The Postwar Baby Boom Is Becoming The Silver Tsunami. Is It Euthanasia Time?

A crowd of thousands, most with white hair
This scene was created by affordablehousingaction.org and is licensed under CC0 1.0 Universal Public Domain Dedication
Signs that the Silver Tsunami is hard upon us.

It may seem a little harsh even for a socialist publication — the World Socialist Web Site (WSWS) — to point the finger at mainstream health authority plans to ‘cull the elderly herd.’

As a natural and inevitable national phenomenon, the die-off of the Baby Boomers has been long expected as a slow-rolling disaster. It’s inevitable timetable suggests peak Baby Boomer death in American somewhere around the year 2030. The cost to countries has been reckoned to be financially debilitating, if not devastating. That’s projecting ever-increasing costs for social and medical care.

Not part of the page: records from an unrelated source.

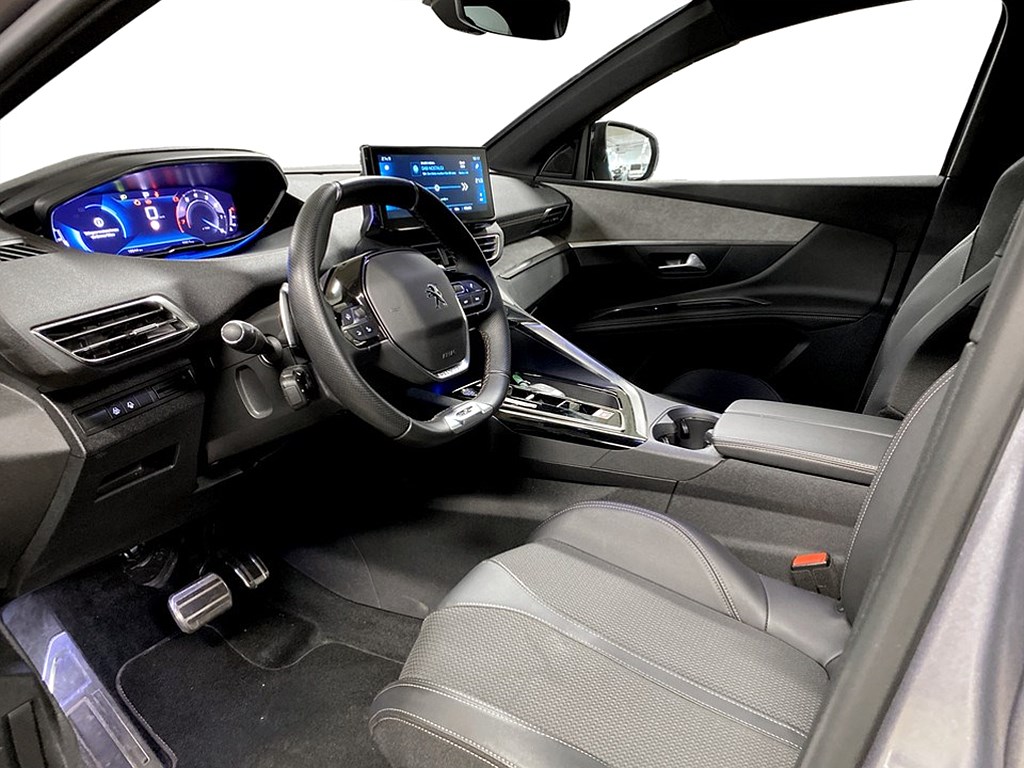 Bild på GT 1.2 PT 130hk Aut - B-KAMERA, CARPLAY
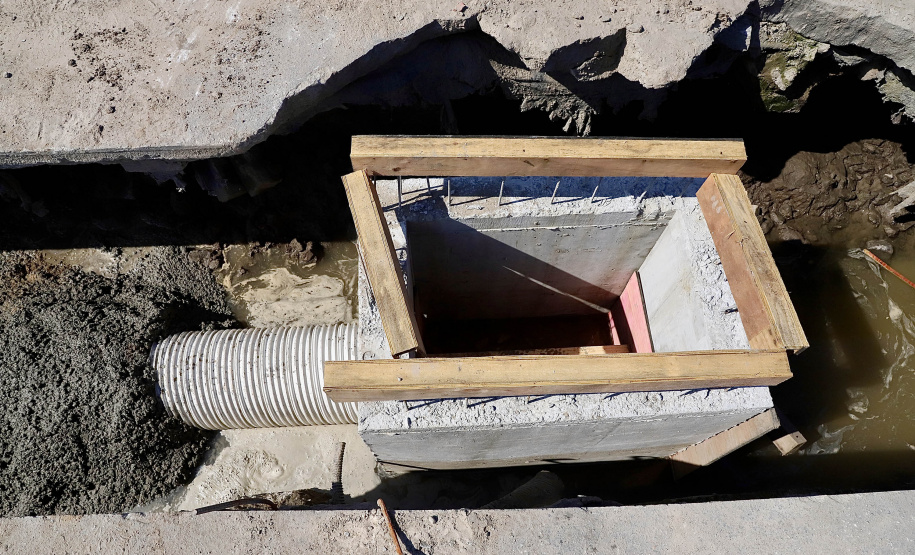 Novo sistema de drenagem pluvial é instalado em 375 mil m² do Porto de Paranaguá  -  Paranaguá, 24/09/2021  -  Foto: Claudio Neves/Portos do Paraná
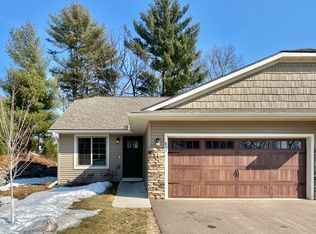 633 Club View Ln, Altoona, WI 54720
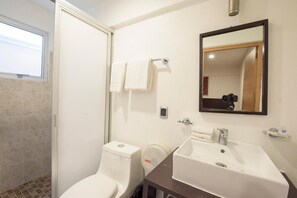 Regadera, amenidades de baño gratuitas, toallas, jabón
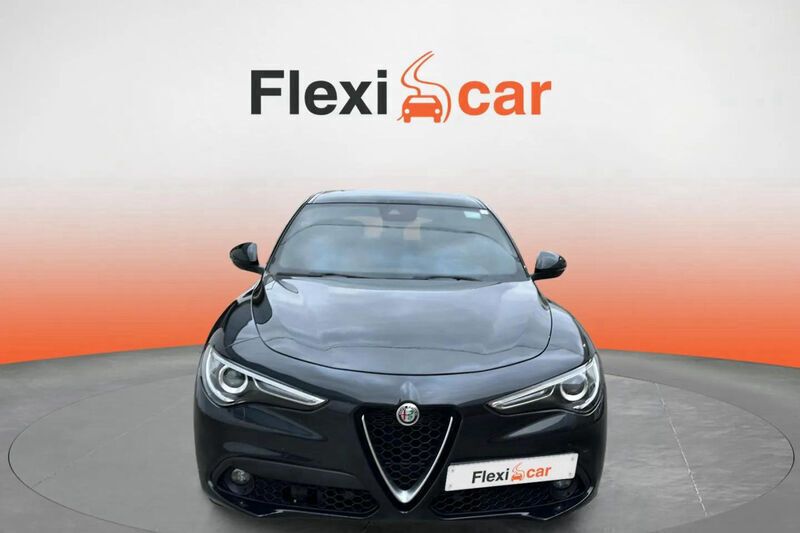 Usado Alfa Romeo Stelvio Veloce 211 CV (155 kW) 2022 Negro SUV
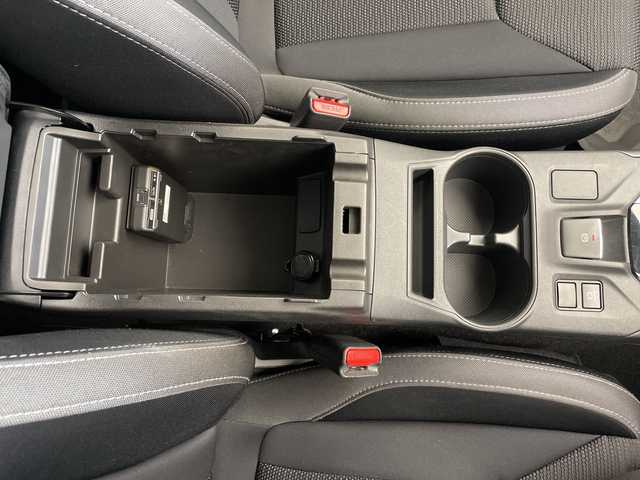 スバル インプレッサ スポーツ 1．6i－LアイサイトSスタイル 沖縄県 2019(令1)年 7.5万km アイスシルバーメタリック 純正ナビ　【CN-LR840D】/　(フルセグTV　Bluetooth　CD/DVD　SD)/バックカメラ　/USB/サイドカメラ　/ＬＥＤヘッドライト　/ドライブレコーダー　/レーダークルーズコントロール　/プッシュスタート　/スマートキー　/純正フロアマット　/ＥＴＣ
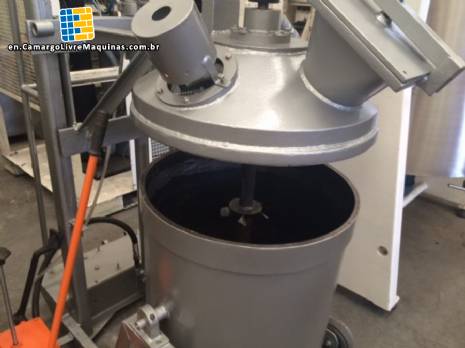 Mixing vacuum tank in stainless steel 150 L Mixing vacuum tank in stainless steel 150 L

The WSWS details the sparsity of programs currently available in the United States to support poverty-stricken and homeless older Americans. There is little hope that these programs will be enough to deal with the already overwhelming numbers of old people living in poverty and, increasingly homeless.

Why is there so little support to elderly people who are homeless? The WSWS would have you believe that it’s deliberate. Finding housing for older people who are homeless wastes time on those who no longer make a productive contribution to society.

Perhaps you imagine that the World Socialist Website is good only for fist-waving rote denunciations of the ‘ruling class’ attitudes towards the poor? Perhaps. But much of the article is well-documented from unimpeachable resources.

The WSWS postulates that government authorities might prefer to abandon an entire generation of elders. It seems unlikely. And yet what other explanation supports the apparent indifference to the plight of poor people as they grow older?